Re: [PATCH 2/6] C/R: Basic support for network namespaces and devices (v5)

All of lore.kernel.org
 help / color / mirror / Atom feed

From: Oren Laadan <orenl-eQaUEPhvms7ENvBUuze7eA@public.gmane.org>
To: Dan Smith <danms-r/Jw6+rmf7HQT0dZR+AlfA@public.gmane.org>
Cc: netdev-u79uwXL29TY76Z2rM5mHXA@public.gmane.org,
	ebiederm-aS9lmoZGLiVWk0Htik3J/w@public.gmane.org,
	containers-qjLDD68F18O7TbgM5vRIOg@public.gmane.org,
	den-GEFAQzZX7r8dnm+yROfE0A@public.gmane.org,
	davem-fT/PcQaiUtIeIZ0/mPfg9Q@public.gmane.org,
	benjamin.thery-6ktuUTfB/bM@public.gmane.org
Subject: Re: [PATCH 2/6] C/R: Basic support for network namespaces and devices (v5)
Date: Sat, 06 Mar 2010 17:21:40 -0500	[thread overview]
Message-ID: <4B92D574.1090006@cs.columbia.edu> (raw)
In-Reply-To: <87bpf1idic.fsf-FLMGYpZoEPULwtHQx/6qkW3U47Q5hpJU@public.gmane.org>



Dan Smith wrote:
> OL> What about leak detection ?
> OL> Aren't we missing {netns,netdev}_users()?
> 
> This is something I need to give more thought to, but it's not as easy
> as it sounds.  Network devices aren't released at the last put() like
> a lot of other things, and my initial attempts to reconcile the
> refcount after a checkpoint operation have not been successful.
> 
> However, I'm not sure that it's as important here, because AFAIK, a
> network device can only exist in one network namespace at a time.  If
> we're checkpointing a netdev, it's because we are checkpointing the
> namespace that it lives in.  Making sure the netns isn't leaked out of
> the process tree would be much easier and just as effective, no?

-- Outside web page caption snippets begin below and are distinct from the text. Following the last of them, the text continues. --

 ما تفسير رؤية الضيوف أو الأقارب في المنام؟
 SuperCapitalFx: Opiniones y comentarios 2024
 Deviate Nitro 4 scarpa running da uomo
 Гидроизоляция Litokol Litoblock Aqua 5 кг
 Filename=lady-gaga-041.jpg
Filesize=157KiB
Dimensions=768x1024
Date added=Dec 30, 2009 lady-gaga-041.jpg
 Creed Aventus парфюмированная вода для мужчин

We should guarantee that neither netns nor netdev leaks outside
the container; currently none is. If a netdev can only belong to
a single netns, then it suffices to only care about netns.

> 
>>> +config CHECKPOINT_NETNS
>>> +       bool
>>> +       default y if NET && NET_NS && CHECKPOINT
>>> +
> 
> OL> Did you mean this to be visible (settable) by the user ?
> 
> No, it was specifically supposed to enable itself when those other
> items are enabled, but not be a user adjustable toggle.  I had a
> discussion with Serge about it and we came to this as a solution,
> although I don't remember what the problem we started with was.  I'll
> dig through my IRC logs to see if I can figure it out.

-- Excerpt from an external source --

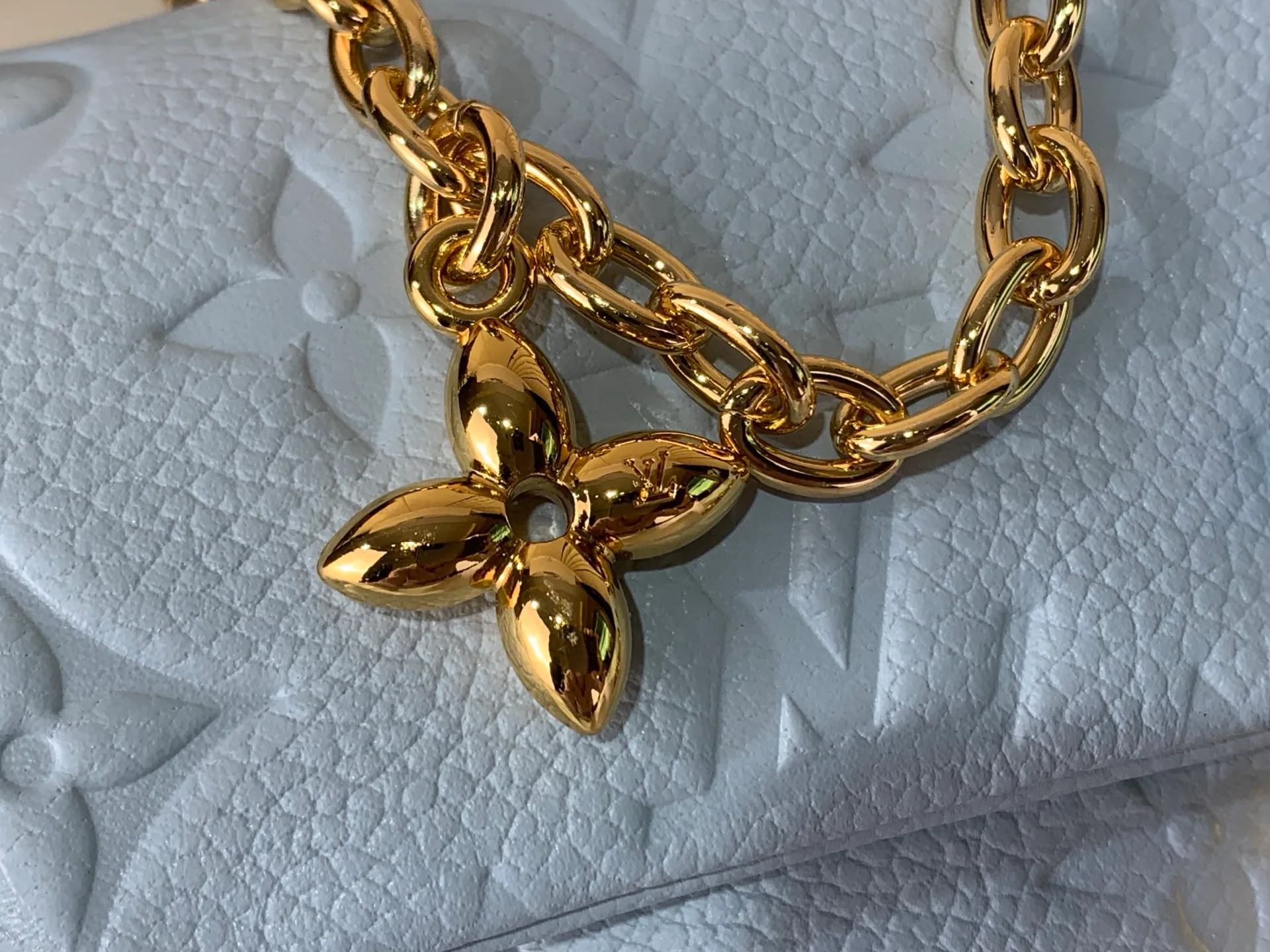 Классические Сумки Женские Louis Vuitton 9344717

Duh.. my bad, I misinterpreted the code. That's fine.

BTW, there is a similar SYSVIPC_CHECKPOINT - we should decide
if we do X_CHECKPOINT or CHECKPOINT_X for a subsystem X, and
stick to that convention. I prefer the latter - what you did...

> 
>>> + retry:
>>> +	if (++pages > 4) {
>>> +		addrs = -E2BIG;
>>> +		goto out;
>>> +	}
> 
> OL> Why 4 ?
> 
> It's just a sanity limit.

Hmm... let me be more explicit:  why not keep trying until it
realloc fails ?  or switch to vmalloc() at some point ?

> 
> OL> Do we really need this special case ?  I'd be happy with a ckpt_err()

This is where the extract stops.